▸ **DATA SHOWN**:
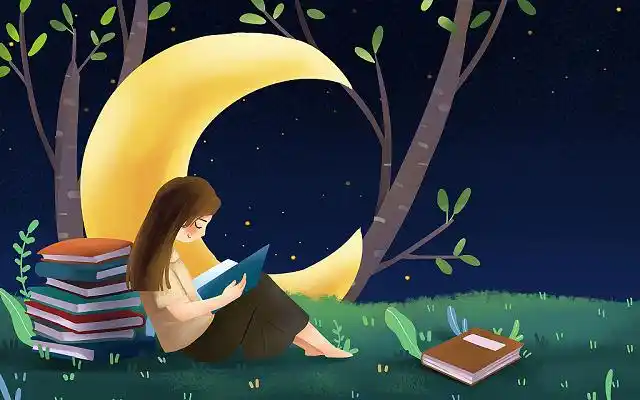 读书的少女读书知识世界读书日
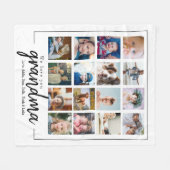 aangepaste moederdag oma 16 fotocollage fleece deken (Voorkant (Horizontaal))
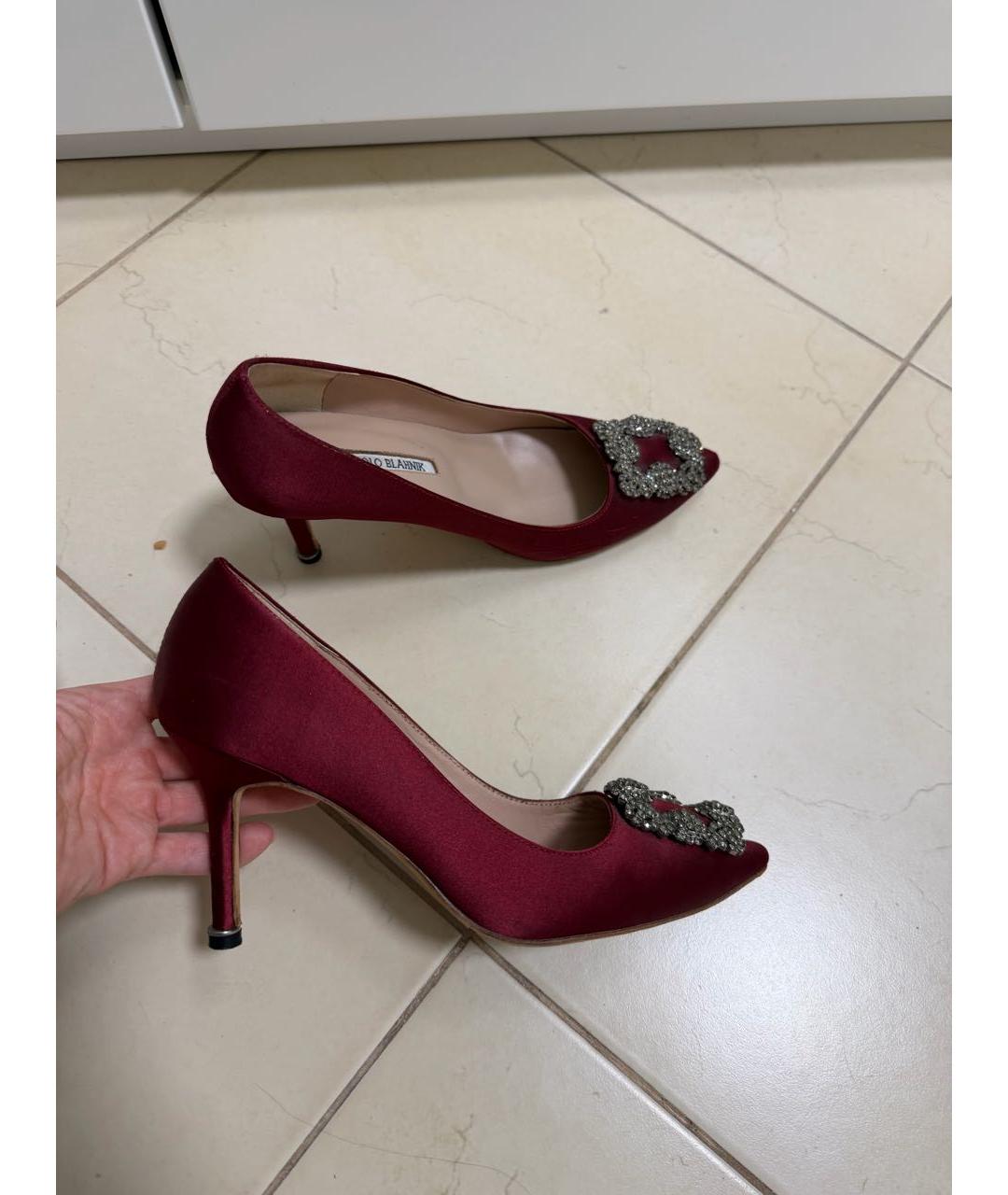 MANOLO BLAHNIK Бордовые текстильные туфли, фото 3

▸ **PROBLEM DESCRIPTION**: The expected output is the full material above, unaltered, with pictures removed.

▸ **FINAL ANSWER**:
 读书的少女读书知识世界读书日
 aangepaste moederdag oma 16 fotocollage fleece deken (Voorkant (Horizontaal))
 MANOLO BLAHNIK Бордовые текстильные туфли, фото 3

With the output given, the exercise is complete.